When Indianapolis purchased Union Station, local reporters were sure the city had overpaid in some sort of sweetheart deal. My husband—then director of the Department of Metropolitan Development—had been frustrated by the coverage, but told me he’d finally had a good, substantive interview with a local TV station.

We flipped on the television. There he was on camera, but the (brief) report was a mix of voiceover and out-of-context snippets of what he’d said. The reporter had an agenda; film can be edited.

So let’s talk about agendas and Planned Parenthood.

Despite the propaganda, Planned Parenthood isn’t selling fetal tissue or profiting from its use in medical research. Some affiliates, in states where the practice is legal, are assisting medical researchers by making such tissue available when the patient has authorized it. They do receive reimbursement for the costs incurred in the process.

The availability of embryonic stem cells and fetal tissue for research has led to cures for many diseases and saved many lives. As with stem cells, the choice is between use of the tissue for life-saving research or destroying it. We can debate which option is truly “pro life.” Much the same moral calculus is involved when transplant surgeons harvest organs, from people who’ve just died, in order to prolong the lives of those with organ failures. (Most of us wouldn’t care to watch either procedure.)

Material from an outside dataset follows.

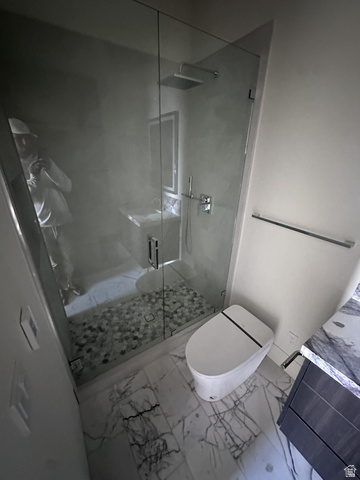 1918 Chimney Rock Road Heber City, UT 84032 - Photo 66 of 74 Glass-enclosed shower with pebble-tile floor and square rain shower head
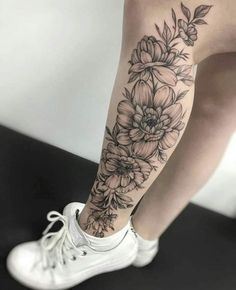 a woman's leg with flowers on it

With respect to Planned Parenthood here in Indiana, let me share some pesky facts:

• In the wake of these latest accusations, Gov. Pence ordered the state Health Department to investigate. It did, and found the organization’s health centers compliant. End of investigation.

• Indiana’s Planned Parenthood does not participate in tissue donation; it is illegal in this state.

• Planned Parenthood of Indiana & Kentucky sees 65,000 patients annually, the vast majority of whom are low-income women who would not otherwise get needed Pap tests, breast exams, STD testing and treatment, and birth control. A not-insignificant number are low-income men who come for testicular cancer exams. Abortion accounts for less than 7 percent of Planned Parenthood’s services.

• State funding cuts forced closure of Scott County’s Planned Parenthood, leaving the county without a testing facility; the resulting HIV epidemic is costing the state far more than it “saved” by refusing to fund prevention and testing. Defunding of Planned Parenthood would lead to more such poor health outcomes, including an increase in teen pregnancies and more Indiana children living in poverty.

• There is no other health care provider offering the services, hours and coverage that Planned Parenthood offers through its 23 Indiana locations, and no other provider raises private funds to cover the cost of reproductive health services for those who cannot pay.

Genuinely pro-life people can oppose abortion and still support the other life-saving work done by Planned Parenthood. Unfortunately, the organization has been a target for zealots ever since its founding. It is difficult to avoid the conclusion that what many of them really oppose is women’s autonomy—a woman’s constitutionally protected right to make her own reproductive decisions. Recent efforts to restrict access to birth control are consistent with that conclusion.

At the end of the day, there’s reality and there’s rhetoric. The reality is that women did not start getting abortions after Roe v. Wade. They just stopped dying from them.

We can reduce the number of abortions by providing women with reliable birth control, and we can reduce deaths from abortion by supporting high-quality clinics like those operated by Planned Parenthood.•

__________

Kennedy is a professor of law and public policy at the School of Public and Environmental Affairs at IUPUI. She blogs regularly at www.sheilakennedy.net. She can be reached at skennedy@ibj.com. Send comments on this column to ibjedit@ibj.com.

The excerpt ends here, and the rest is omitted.